Dean Grose, mayor of Los Alamitos, said he meant nothing racist by the email, but said the controversy over racism has made it difficult for him to continue to lead the city.
The Internet, as always, is a treasure trove of anti-Obama sites, ranging from those accusing him of being a Marxist and a secret Muslim to one that's entirely devoted to the notion that he could be the Antichrist.
Ironically, it's been Obama and Sotomayor, his pick for Supreme Court Justice, who have been accused of racism this week.
Sotomayor's remarks about Latina wisdom in 2001 has become a flashpoint for conservatives who oppose her nomination.

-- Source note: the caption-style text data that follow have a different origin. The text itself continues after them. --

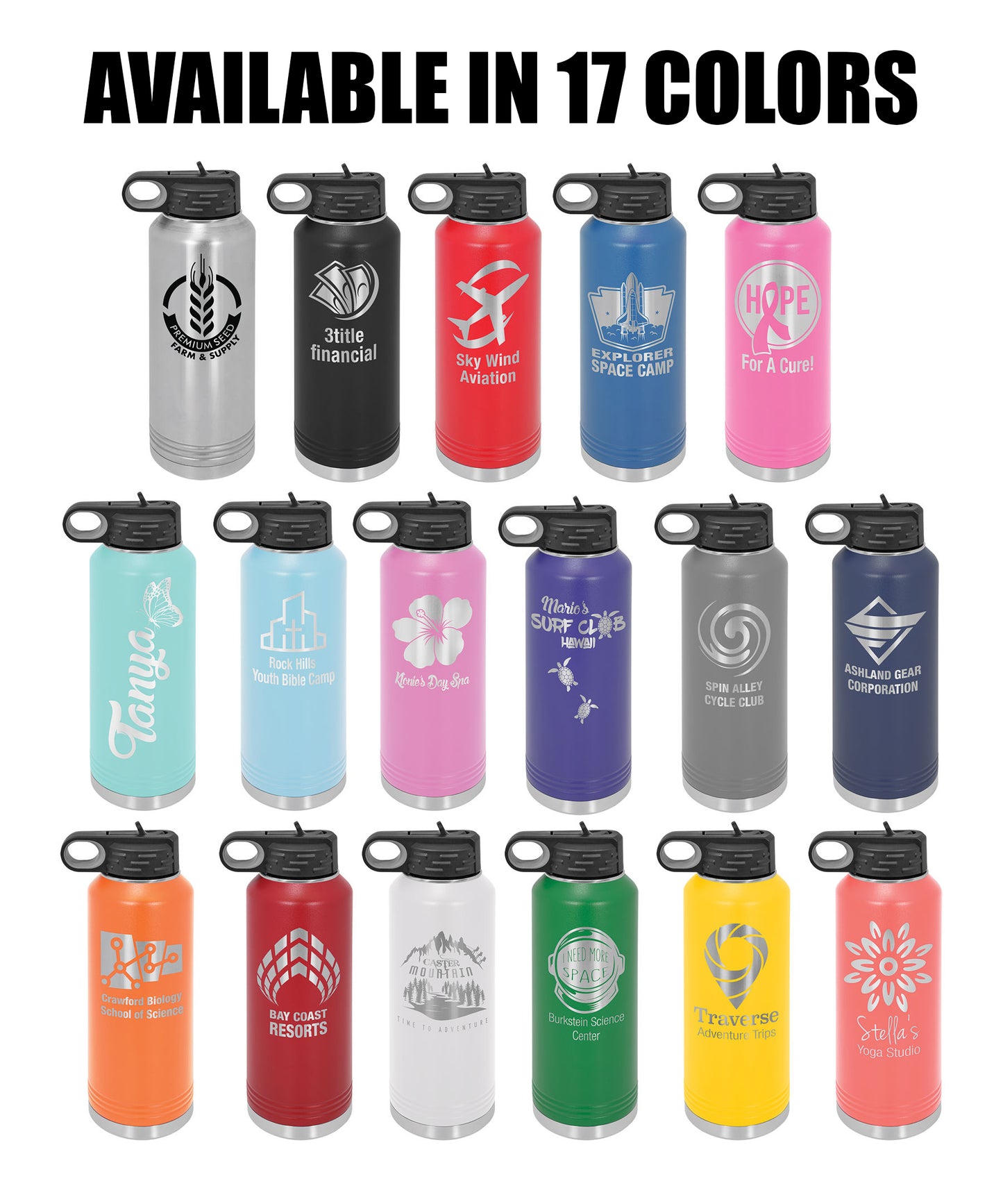 Native AF - 40 oz Water Bottle Tumbler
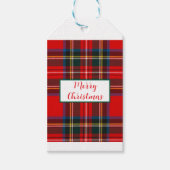 Royal Stewart Christmas Plaid PERSONALISEREN Cadeaulabel (Voorkant)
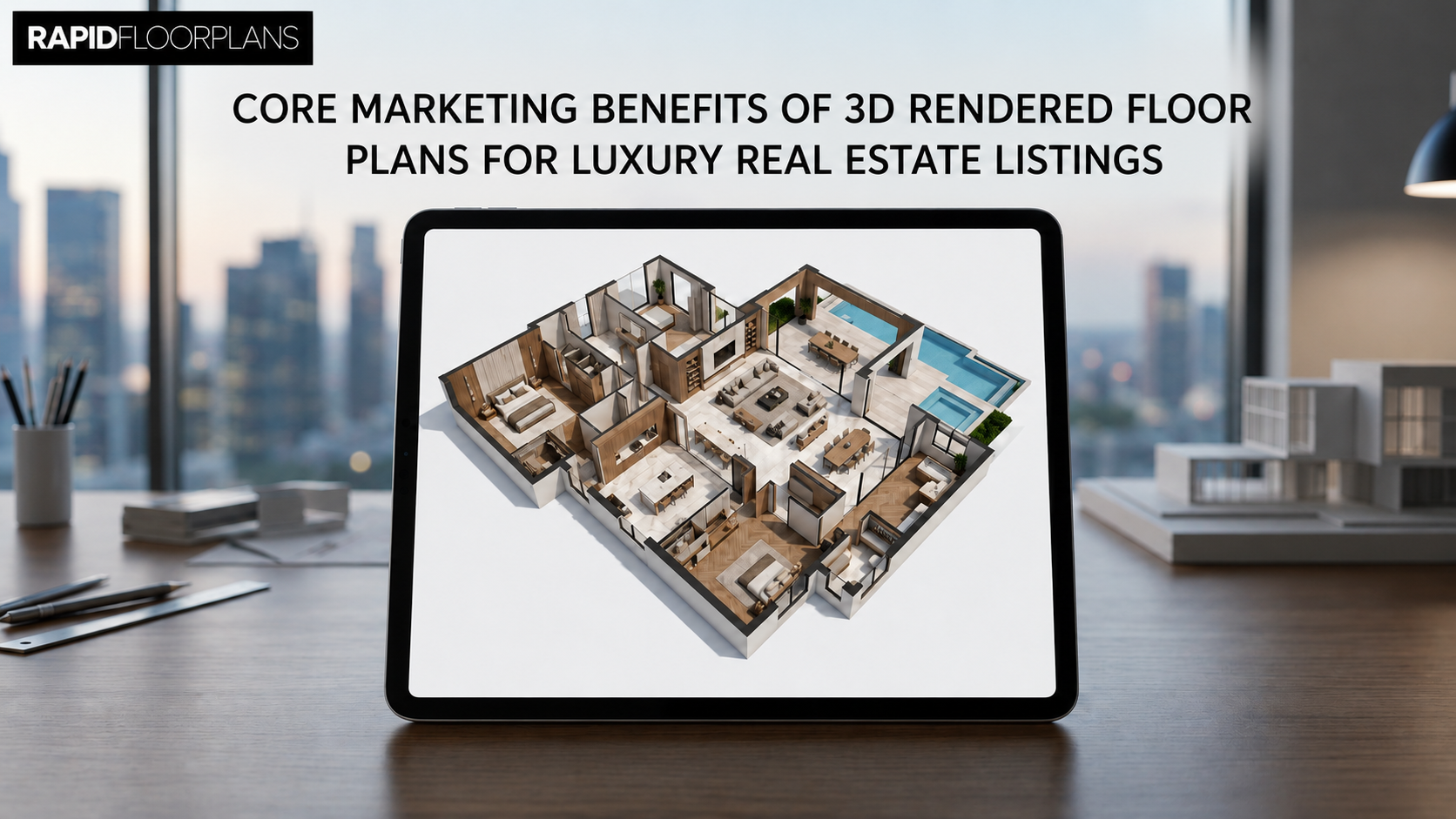 3D floor plans for luxury real estate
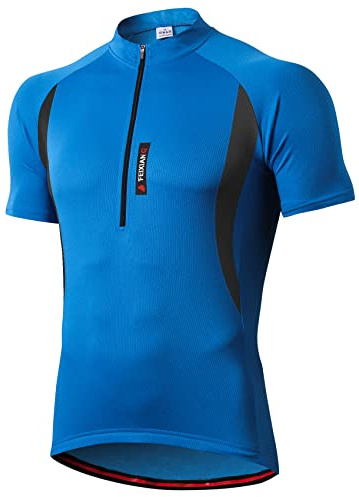 MEETWEE Men’s Cycling Jersey, Long/Short Sleeve Biking Cycle Tops Quick Dry Breathable Mountain Bike MTB Shirt Racing Bicycle Clothes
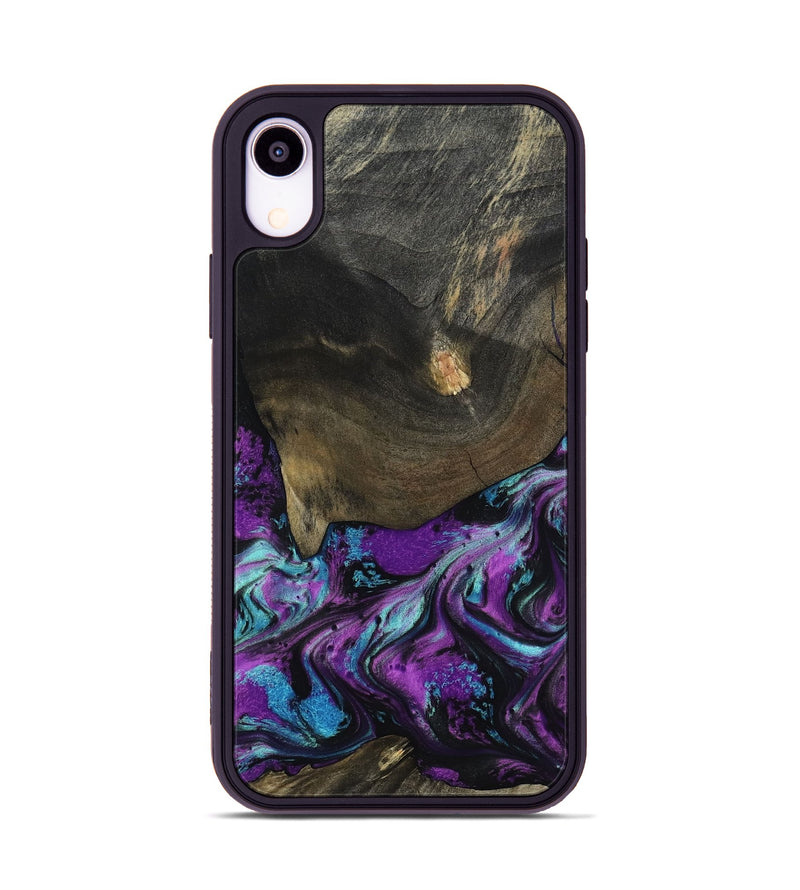 iPhone Xr Wood Phone Case - Rayna (Purple, 817191)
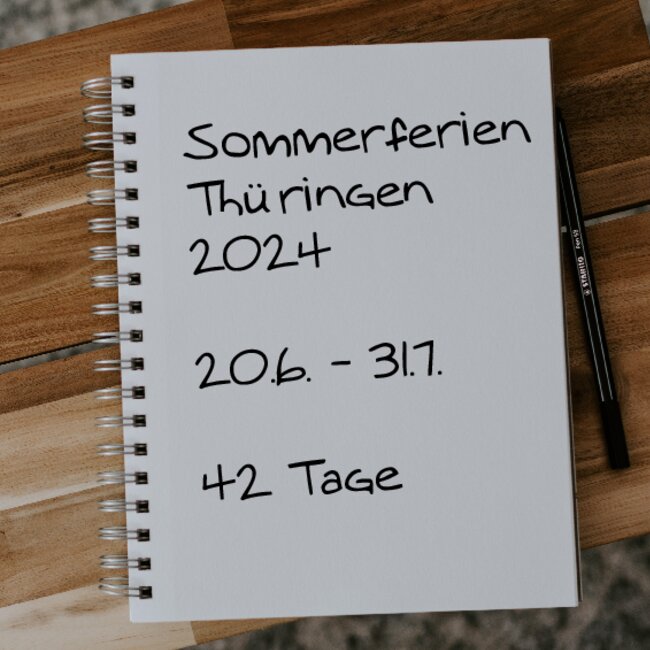 Sommerferien Thüringen 2024: 20.06. - 31.07.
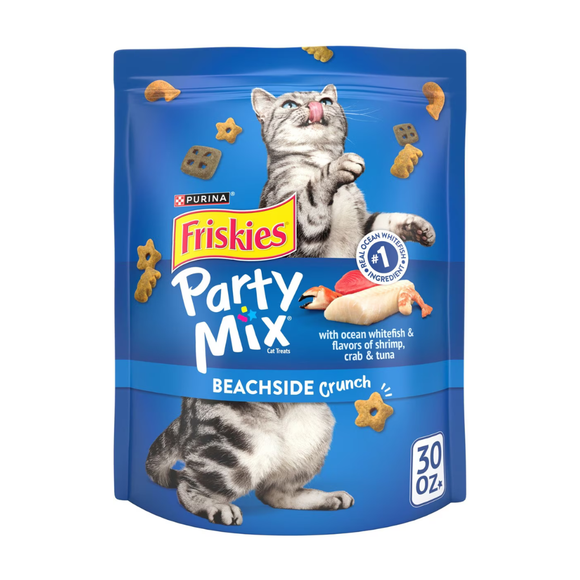 Friskies Party Mix Beachside Crunch Cat Treats - 30 oz - Cat Treats 13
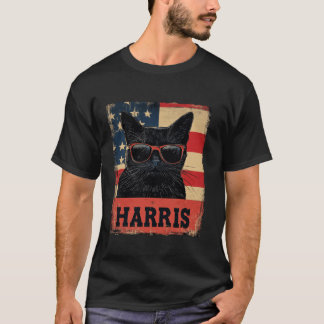 Funny Childless Cat Ladys For Harris 2024 T Shirt
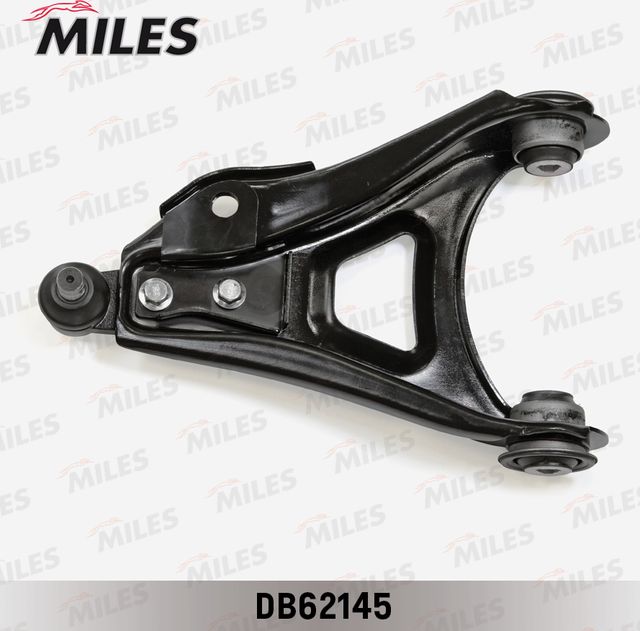 Поперечный рычаг передней подвески Miles правый нижний для Nissan Kubistar X76 2003-2026. Артикул DB62145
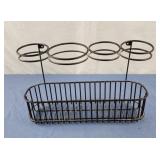 Wire metal cabinet rack for hairdryers,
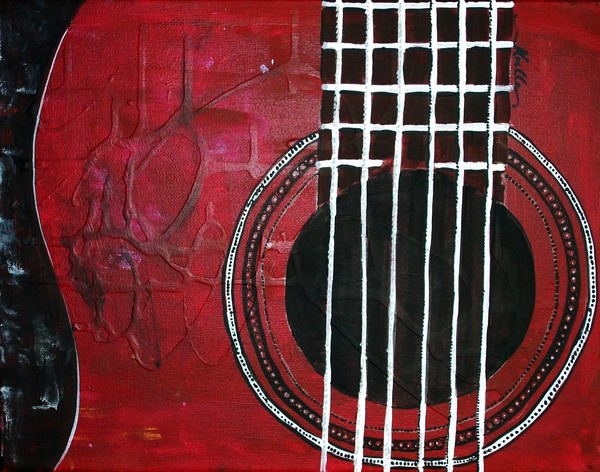 Red Guitar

"I would hope that a wise Latina woman with the richness of her experiences would more often than not reach a better conclusion than a white male who hasn't lived that life," said Sotomayor, who is of Puerto Rican descent.
Those comments have prompted both talk show megastar Rush Limbaugh and former House Speaker Newt Gingrich to call Sotomayor a racist.
Gingrich said Sotomayor, who would be the first Latino on the country's highest court, has argued that if a white male nominee had said something similar, he'd be forced to withdraw his nomination, and so should Sotomayor.
Limbaugh had this to say: "Reverse racists certainly do have the power to implement their power. Obama is the greatest living example of a reverse racist and now he's appointed one."
Seriously, what the heck is wrong with you people? I say "you people" as a collective, not as an address to every individual. I don't want to sound like a racist myself by blanketing all of you as half-brained, ignorant racists (because I know that's certainly not the case). It just seems like the US is the only country from which I hear about unspeakably hateful remarks and actions such as these.
Don't get me wrong, everyone should have the right to express their opinions about government policy making and the right to do something about it ... but, in what ignorant, half-witted, hateful mindset do you have to be to make remarks and display actions that are this far below the belt?
He's one of the most powerful people in the world and his skin happens to be of a dark pigment.